So how can you avoid paying more?

First, be aware of how much you’re using. Both AT&T and Verizon have data calculators that you can use to determine how many e-mails you send, videos you watch, photos you upload and music you stream per month. (You might not realize just how much you’re on your phone until you actually calculate it.) That can help you determine which plan is best for you.

Second, consider switching to a phone that doesn’t require a contract. Virgin Mobile (owned by Sprint) sells a contract-free smart phone for $150 with unlimited data starting at $25 per month.

If you’re an existing Verizon customer, it looks like you will be able to hang on to your unlimited data plan – for now. The new usage plans, which will go into effect July 7, will apply to new customers so you should be able to get in under the wire if you signed up soon.

And finally, if you want to pay less, there are some fairly simple and convenient ways to use less of your data allotment without changing your media consumption habits. For example, you can download movies and music to your computer, and then upload them to your phone. Streaming as few as six hours of movies via Netflix can use up a 2 GB allotment. So while you might want to catch up on your Netflix queue while you’re leaving work, you may just want to wait until you’re on your home computer.

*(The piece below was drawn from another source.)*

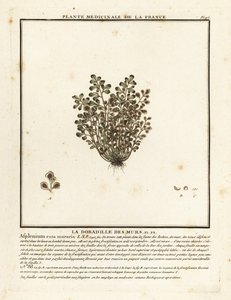 Wall-rue, Asplenium ruta-maria. tekijältä Unbekannter Künstler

Correction: An earlier post stated that streaming as few as six Netflix movies can use up a 2 GB allotment. An estimated six to 12 hours of streaming movies can use up 2 GB.

1 comments
Armaced
Armaced

"So while you might want to catch up on your Netflix queue while you’re leaving work, you may just want to wait until you’re on your home computer." 
If I don't mind waiting until I'm home on my computer, why do I need Verizon in the first place?  Why should I pay to not use their service?